__Data shown__:
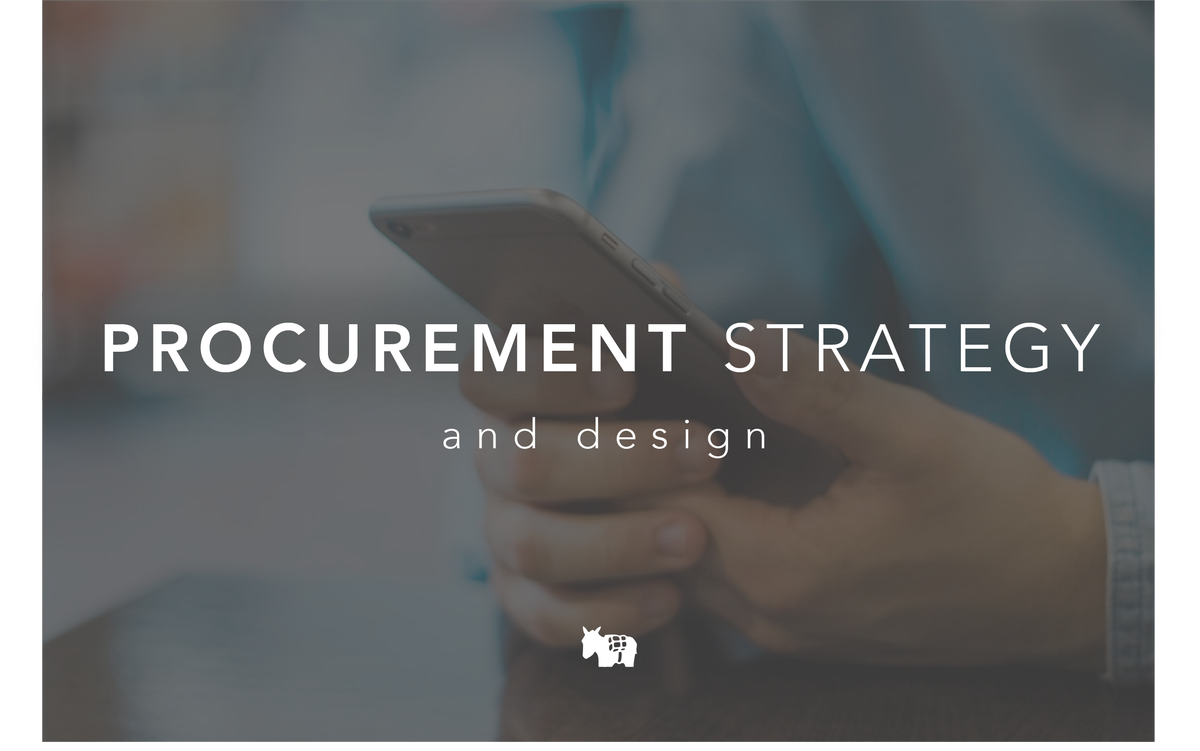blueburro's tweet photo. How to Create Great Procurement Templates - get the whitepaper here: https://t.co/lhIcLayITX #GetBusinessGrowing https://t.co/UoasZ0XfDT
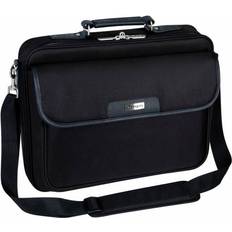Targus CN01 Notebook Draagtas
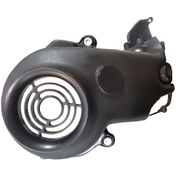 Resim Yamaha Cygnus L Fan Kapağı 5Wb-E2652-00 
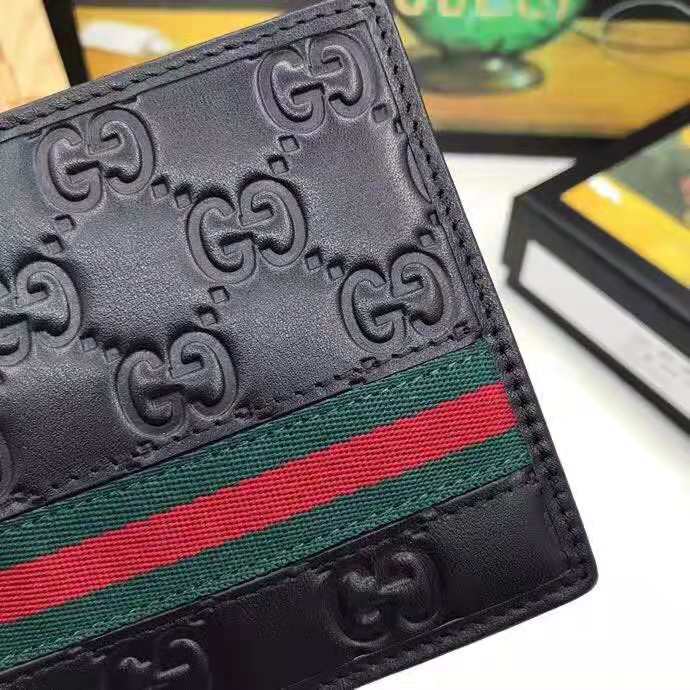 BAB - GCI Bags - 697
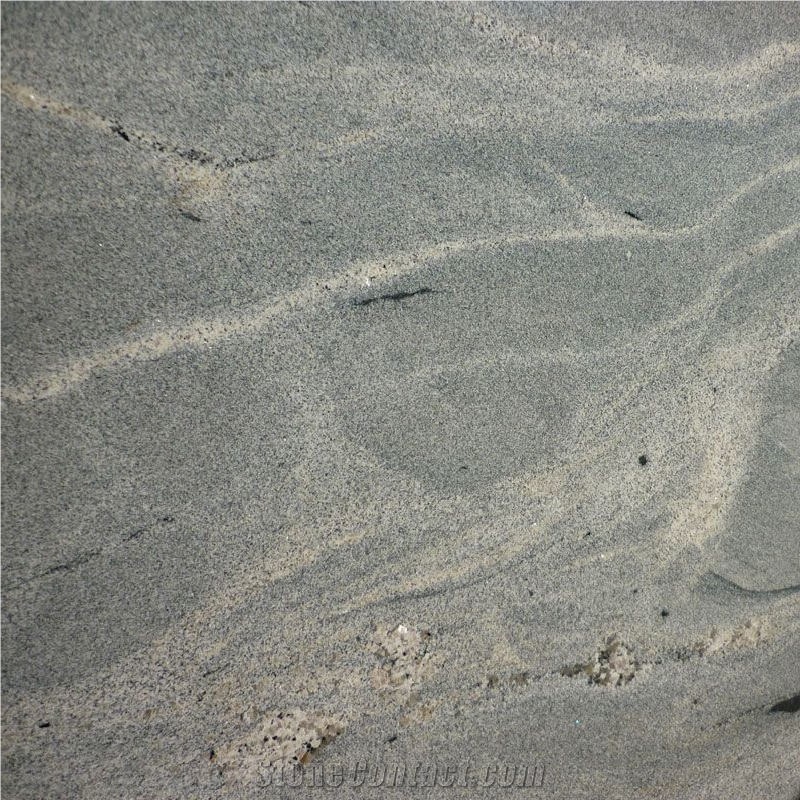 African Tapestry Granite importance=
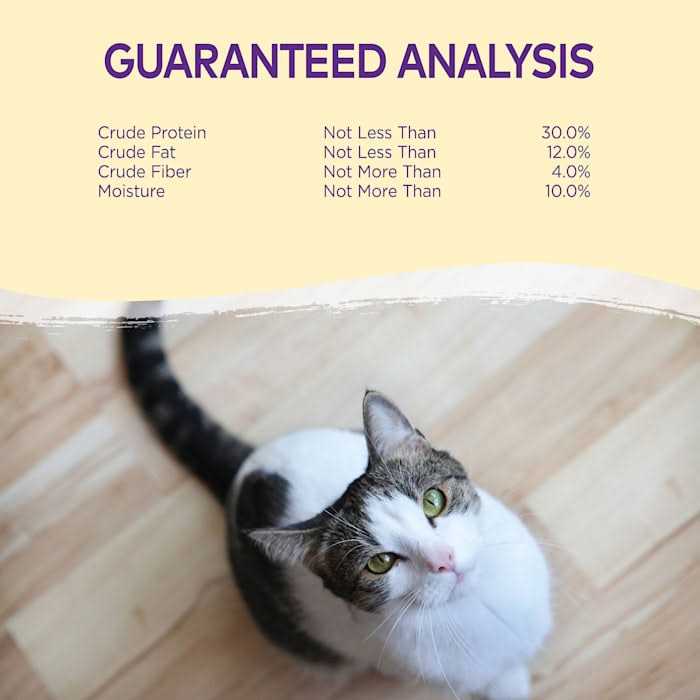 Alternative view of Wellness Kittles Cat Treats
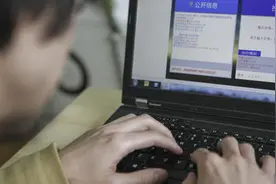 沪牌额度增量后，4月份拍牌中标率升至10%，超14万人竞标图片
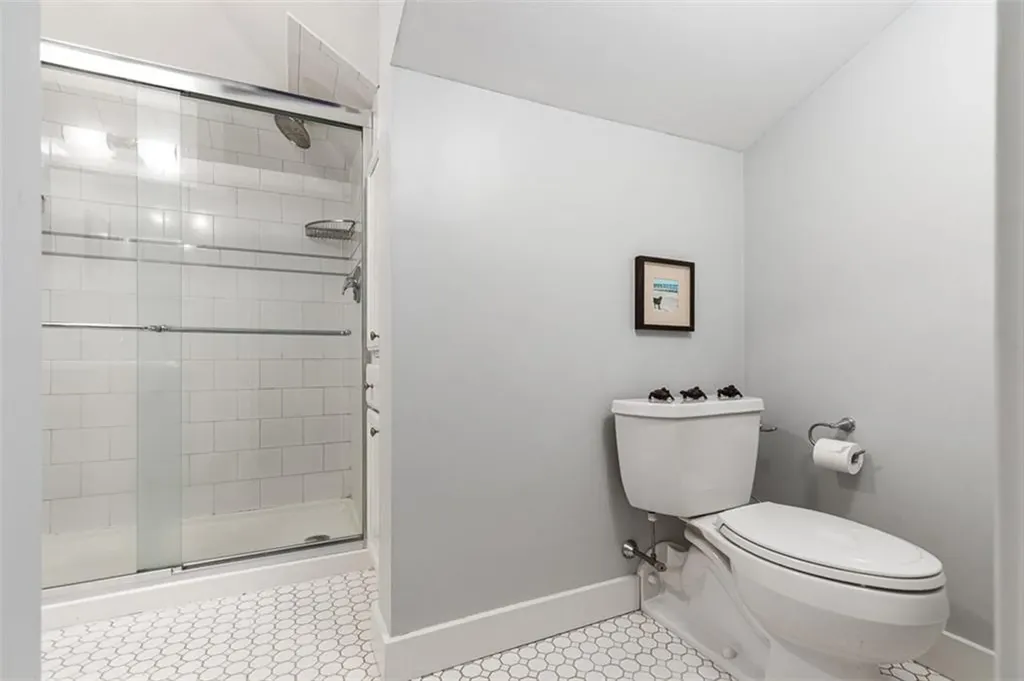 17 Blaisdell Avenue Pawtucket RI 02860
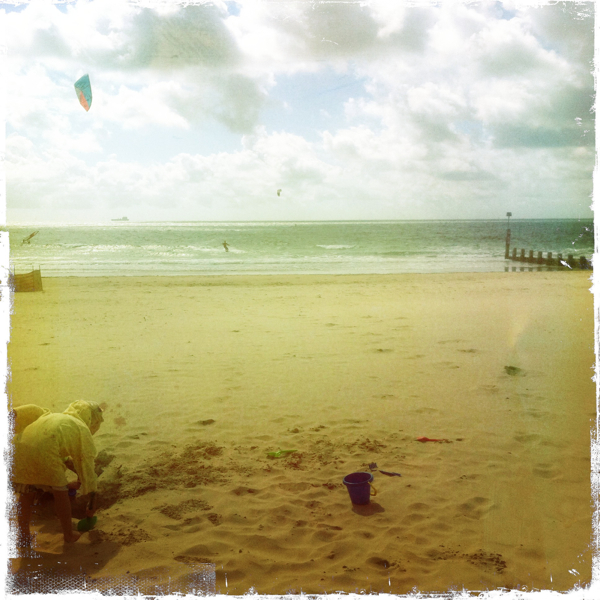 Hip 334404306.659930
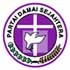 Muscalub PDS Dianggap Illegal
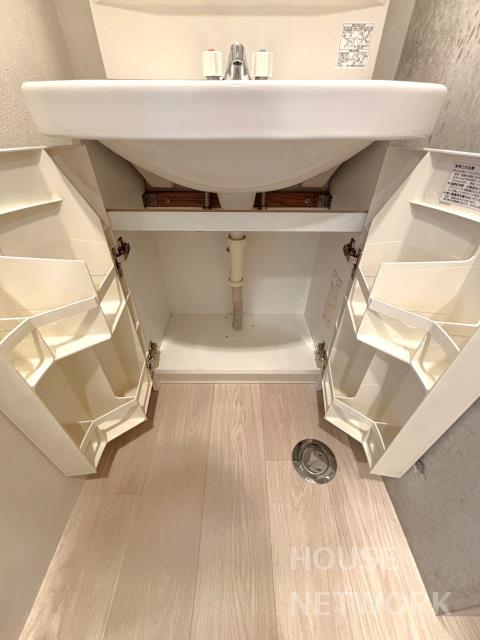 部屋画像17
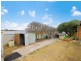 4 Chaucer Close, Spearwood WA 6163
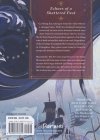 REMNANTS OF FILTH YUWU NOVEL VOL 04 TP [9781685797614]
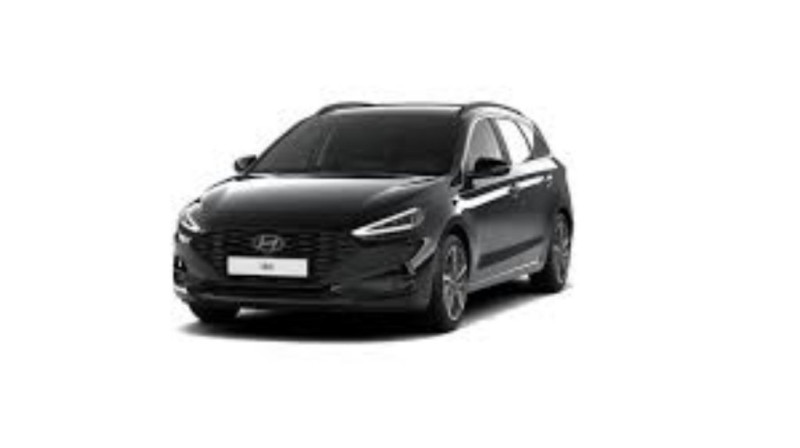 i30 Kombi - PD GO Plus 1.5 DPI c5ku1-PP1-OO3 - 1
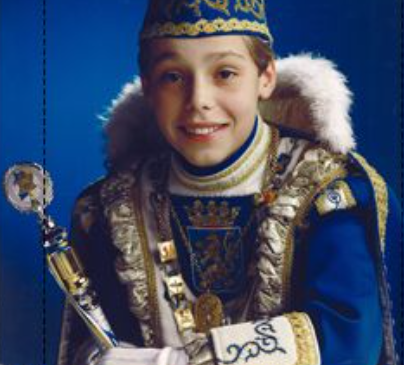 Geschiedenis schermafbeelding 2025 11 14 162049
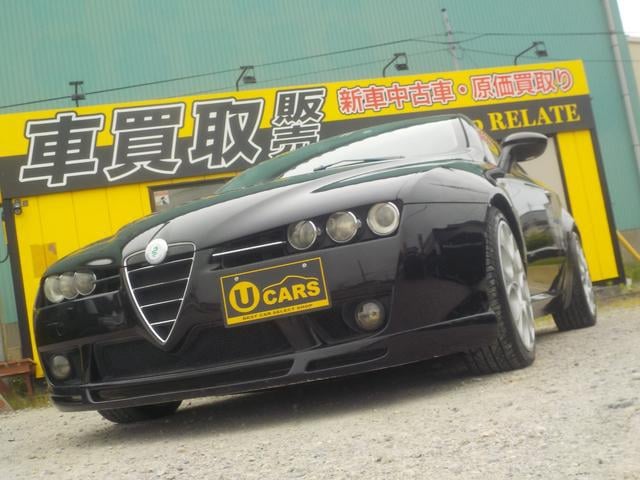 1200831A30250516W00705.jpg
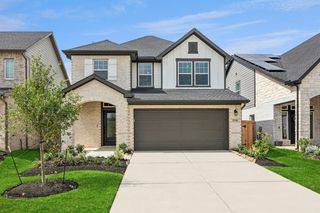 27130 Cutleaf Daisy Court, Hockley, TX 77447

__Task objective__: Restate word for word only the lines that run from the line holding "REMNANTS OF FILTH" to the end of the data, both ends kept, leaving every picture out.

__Completed task__:
 REMNANTS OF FILTH YUWU NOVEL VOL 04 TP [9781685797614]
 i30 Kombi - PD GO Plus 1.5 DPI c5ku1-PP1-OO3 - 1
 Geschiedenis schermafbeelding 2025 11 14 162049
 1200831A30250516W00705.jpg
 27130 Cutleaf Daisy Court, Hockley, TX 77447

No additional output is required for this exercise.